Un pas vers la dépollution de l’espace : l’agence spatiale européenne a signé mardi un contrat avec une start-up suisse, ClearSpace, pour envoyer la première mission au monde de nettoyage d’un débris spatial en orbite, ouvrant la voie vers un nouveau marché.
La mission commerciale, d’un montant total de 100 millions d’euros dont 86 millions investis par l’ESA, partira en 2025 et aura pour cible un morceau d’une ancienne fusée européenne Vega. Le débris, un adaptateur de charge utile « Vespa » de 112 kilos, a été laissé en orbite basse à 800 km de la Terre, en 2013.
« L’espace est une infrastructure que nous devons garder propre. Nous avons une responsabilité environnementale, sur la Terre comme en orbite », a déclaré le directeur général de l’ESA, Jan Wörner, lors d’une conférence de presse en ligne.
Pour l’agence spatiale et ses 22 États membres, cette commande est inédite, car « jamais nous n’avions confié un contrat d’une telle ampleur à une petite start-up », a précisé Eric Morel de Westgayer, en charge de l’industrie et des achats à l’ESA.
« Nous avons aussi une responsabilité à soutenir l’économie européenne, et j’espère que la mission ClearSpace ouvrira un nouveau marché pour le futur », a commenté Jan Wörner.
Environ 23 000 objets à la dérive
Plusieurs démonstrations d’enlèvement de débris ont déjà été réalisées par le passé, mais ce sera la première fois qu’un satellite « nettoyeur » s’attaquera à un vrai débris depuis le début de la conquête spatiale. « Quand Spoutnik a été lancé en 1957, certains ont cru voir le satellite depuis la Terre… Mais c’était en fait l’étage supérieur du lanceur ! », a rappelé le patron de l’ESA.
En près de 60 ans d’activité spatiale et plus de 5 500 lancements, environ 23 000 objets de plus de 10 centimètres gravitent autour de la Terre, à la dérive, formant un nuage de déchets : fusées anciennes, morceaux de satellites restés en orbite après explosion, satellites entiers en fin de vie… « Il y a de tout, même un tournevis qui a échappé à un astronaute ! », a détaillé Luisa Innocenti, cheffe du bureau CleanSpace à l’ESA.
Gravitant à toute vitesse (28.000 km/heure, soit « Paris-Marseille en 3 minutes »), ces déchets représentent une sérieuse menace de collision qui, non seulement peut détruire les satellites opérationnels et leurs précieux services (météorologie, GPS, observation de la Terre…), mais génère de nouveaux débris, entraînant une réaction en chaîne – appelée syndrome de Kessler – « qu’on serait incapables d’arrêter », explique la scientifique.
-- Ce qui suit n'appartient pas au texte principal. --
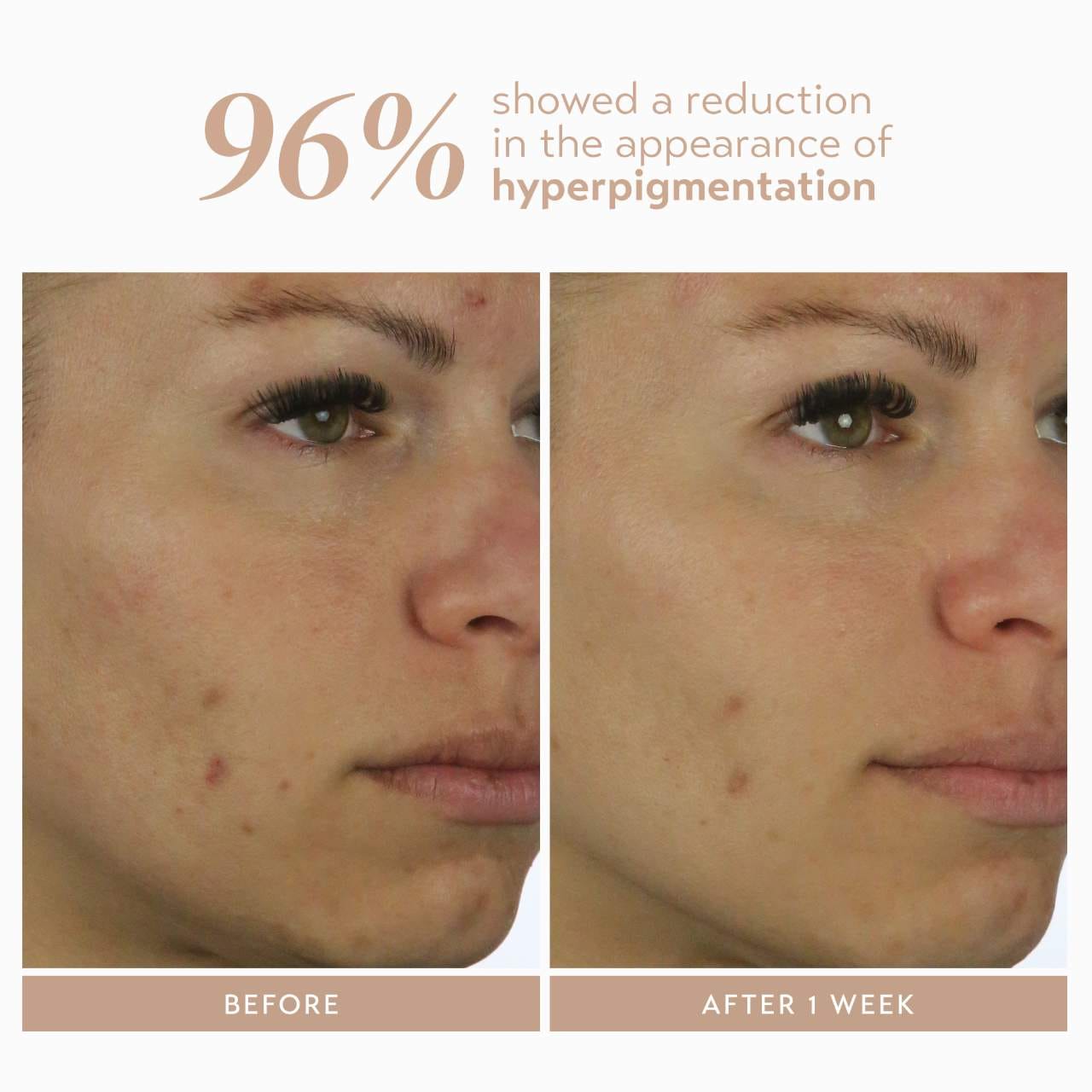 Сыворотка с 10% азелаинового комплекса от пигментных пятен Shani Darden Skin Care Rescue — фото 5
Et le problème va s’accroître avec le lancement prévu de constellations de dizaines de milliers de petits satellites par Space X, OneWeb et Blue Origin, qui vont multiplier de manière « exponentielle » la population de l’orbite basse, a fait valoir Rolf Densing, directeur des opérations de l’ESA.
Mission délicate
L’un des satellites de Starlink, une constellation lancée par la société d’Elon Musk, a déjà failli provoquer une collision en 2019, forçant l’ESA à dévier de sa trajectoire son satellite Aeolus. Mais ces manœuvres d’évitement ont un coût, et font perdre les services du satellite pendant plusieurs jours. D’où la nécessité de « nettoyer le passé », en « désorbitant les objets spatiaux en fin de vie », selon Luisa Innocenti. « Il faut arrêter de polluer l’espace, car nos sociétés modernes en dépendent », a-t-elle plaidé.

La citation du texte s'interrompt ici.